Segment Open

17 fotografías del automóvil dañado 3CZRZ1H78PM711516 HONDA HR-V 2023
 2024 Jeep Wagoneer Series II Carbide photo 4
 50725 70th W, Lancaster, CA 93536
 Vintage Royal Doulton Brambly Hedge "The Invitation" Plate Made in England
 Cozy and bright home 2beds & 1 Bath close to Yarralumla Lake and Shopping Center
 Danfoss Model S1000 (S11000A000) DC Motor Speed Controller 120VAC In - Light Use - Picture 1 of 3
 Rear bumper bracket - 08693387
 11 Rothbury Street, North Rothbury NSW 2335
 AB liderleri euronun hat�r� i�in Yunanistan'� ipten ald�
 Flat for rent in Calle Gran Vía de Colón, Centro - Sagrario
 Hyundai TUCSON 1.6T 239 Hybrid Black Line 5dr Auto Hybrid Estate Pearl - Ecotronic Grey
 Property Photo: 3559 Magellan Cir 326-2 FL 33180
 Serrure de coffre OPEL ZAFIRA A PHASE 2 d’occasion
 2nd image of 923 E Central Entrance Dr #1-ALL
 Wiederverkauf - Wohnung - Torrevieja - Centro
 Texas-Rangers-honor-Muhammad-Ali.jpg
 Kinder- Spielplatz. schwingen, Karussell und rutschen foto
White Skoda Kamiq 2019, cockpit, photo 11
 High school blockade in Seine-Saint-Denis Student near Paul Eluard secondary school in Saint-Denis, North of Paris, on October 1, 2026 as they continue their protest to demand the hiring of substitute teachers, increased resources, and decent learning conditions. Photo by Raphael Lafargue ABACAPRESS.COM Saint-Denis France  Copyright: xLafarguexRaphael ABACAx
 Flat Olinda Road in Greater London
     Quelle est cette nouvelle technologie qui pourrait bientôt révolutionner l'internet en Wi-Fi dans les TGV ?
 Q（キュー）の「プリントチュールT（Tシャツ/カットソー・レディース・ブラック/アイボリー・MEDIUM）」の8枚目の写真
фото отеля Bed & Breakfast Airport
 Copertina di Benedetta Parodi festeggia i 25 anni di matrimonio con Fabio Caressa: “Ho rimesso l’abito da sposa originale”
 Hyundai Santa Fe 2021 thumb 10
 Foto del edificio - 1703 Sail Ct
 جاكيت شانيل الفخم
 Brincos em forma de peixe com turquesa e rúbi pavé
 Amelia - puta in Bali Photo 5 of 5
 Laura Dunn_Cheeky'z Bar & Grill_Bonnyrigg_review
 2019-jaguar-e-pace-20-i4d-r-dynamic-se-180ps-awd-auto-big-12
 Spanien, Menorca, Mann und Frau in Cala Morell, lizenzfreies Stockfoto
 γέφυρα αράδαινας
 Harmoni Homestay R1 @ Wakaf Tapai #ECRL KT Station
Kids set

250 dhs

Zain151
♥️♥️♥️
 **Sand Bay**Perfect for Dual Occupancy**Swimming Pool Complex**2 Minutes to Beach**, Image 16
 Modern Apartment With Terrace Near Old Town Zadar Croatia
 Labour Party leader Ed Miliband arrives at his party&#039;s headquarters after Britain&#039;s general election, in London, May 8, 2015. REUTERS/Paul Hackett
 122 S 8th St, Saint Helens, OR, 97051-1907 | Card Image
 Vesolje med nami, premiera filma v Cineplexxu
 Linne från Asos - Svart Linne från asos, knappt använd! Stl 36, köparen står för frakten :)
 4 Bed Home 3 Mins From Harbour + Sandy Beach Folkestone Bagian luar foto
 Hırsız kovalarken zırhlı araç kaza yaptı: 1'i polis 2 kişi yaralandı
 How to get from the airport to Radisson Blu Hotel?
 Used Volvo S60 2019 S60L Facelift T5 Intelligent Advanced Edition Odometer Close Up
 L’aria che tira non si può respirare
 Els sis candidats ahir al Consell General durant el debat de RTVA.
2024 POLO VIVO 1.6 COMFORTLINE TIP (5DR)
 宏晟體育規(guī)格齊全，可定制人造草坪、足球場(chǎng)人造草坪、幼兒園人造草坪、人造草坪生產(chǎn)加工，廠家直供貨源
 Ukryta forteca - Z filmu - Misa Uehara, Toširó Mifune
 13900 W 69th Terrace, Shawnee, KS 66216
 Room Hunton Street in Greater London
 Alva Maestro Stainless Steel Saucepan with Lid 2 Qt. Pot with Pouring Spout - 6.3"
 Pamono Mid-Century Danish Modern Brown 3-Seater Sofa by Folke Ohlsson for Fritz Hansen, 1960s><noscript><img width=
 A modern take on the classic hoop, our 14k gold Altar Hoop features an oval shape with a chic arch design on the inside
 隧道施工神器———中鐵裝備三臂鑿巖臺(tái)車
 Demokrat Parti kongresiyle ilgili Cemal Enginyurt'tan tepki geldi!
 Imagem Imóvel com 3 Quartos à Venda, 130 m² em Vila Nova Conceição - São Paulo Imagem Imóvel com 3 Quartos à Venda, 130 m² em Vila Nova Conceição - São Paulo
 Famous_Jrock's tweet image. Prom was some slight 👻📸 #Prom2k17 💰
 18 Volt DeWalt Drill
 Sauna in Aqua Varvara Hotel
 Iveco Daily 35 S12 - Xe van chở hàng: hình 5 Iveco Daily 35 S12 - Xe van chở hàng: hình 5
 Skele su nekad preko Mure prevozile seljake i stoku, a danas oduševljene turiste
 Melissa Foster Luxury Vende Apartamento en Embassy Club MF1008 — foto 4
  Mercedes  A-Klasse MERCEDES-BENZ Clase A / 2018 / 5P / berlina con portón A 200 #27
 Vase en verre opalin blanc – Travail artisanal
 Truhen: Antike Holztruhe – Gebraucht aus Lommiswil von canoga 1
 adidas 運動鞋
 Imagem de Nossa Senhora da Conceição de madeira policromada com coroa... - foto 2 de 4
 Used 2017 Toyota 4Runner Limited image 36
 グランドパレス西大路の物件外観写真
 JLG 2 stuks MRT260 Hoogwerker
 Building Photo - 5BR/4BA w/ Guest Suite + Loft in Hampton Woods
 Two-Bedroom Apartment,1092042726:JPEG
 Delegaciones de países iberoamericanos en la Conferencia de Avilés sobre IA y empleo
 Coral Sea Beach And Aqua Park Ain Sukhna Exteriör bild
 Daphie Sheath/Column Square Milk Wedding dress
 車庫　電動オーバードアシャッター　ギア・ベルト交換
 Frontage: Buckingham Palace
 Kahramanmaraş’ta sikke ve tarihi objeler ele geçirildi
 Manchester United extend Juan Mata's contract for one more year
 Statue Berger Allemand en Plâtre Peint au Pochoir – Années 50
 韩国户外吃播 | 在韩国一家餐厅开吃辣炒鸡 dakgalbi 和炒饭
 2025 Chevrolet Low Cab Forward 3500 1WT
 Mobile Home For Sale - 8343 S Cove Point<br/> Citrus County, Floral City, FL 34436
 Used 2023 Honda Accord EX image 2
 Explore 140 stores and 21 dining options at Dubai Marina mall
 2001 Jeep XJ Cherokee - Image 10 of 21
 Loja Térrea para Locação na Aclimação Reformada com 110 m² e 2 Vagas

Segment Closed

_The problem_: Above is a listing; print exactly its lines from the one with "Vesolje med nami, premiera" through the one with "L’aria che tira non si può respirare", and no other lines.

_Answer section_:
 Vesolje med nami, premiera filma v Cineplexxu
 Linne från Asos - Svart Linne från asos, knappt använd! Stl 36, köparen står för frakten :)
 4 Bed Home 3 Mins From Harbour + Sandy Beach Folkestone Bagian luar foto
 Hırsız kovalarken zırhlı araç kaza yaptı: 1'i polis 2 kişi yaralandı
 How to get from the airport to Radisson Blu Hotel?
 Used Volvo S60 2019 S60L Facelift T5 Intelligent Advanced Edition Odometer Close Up
 L’aria che tira non si può respirare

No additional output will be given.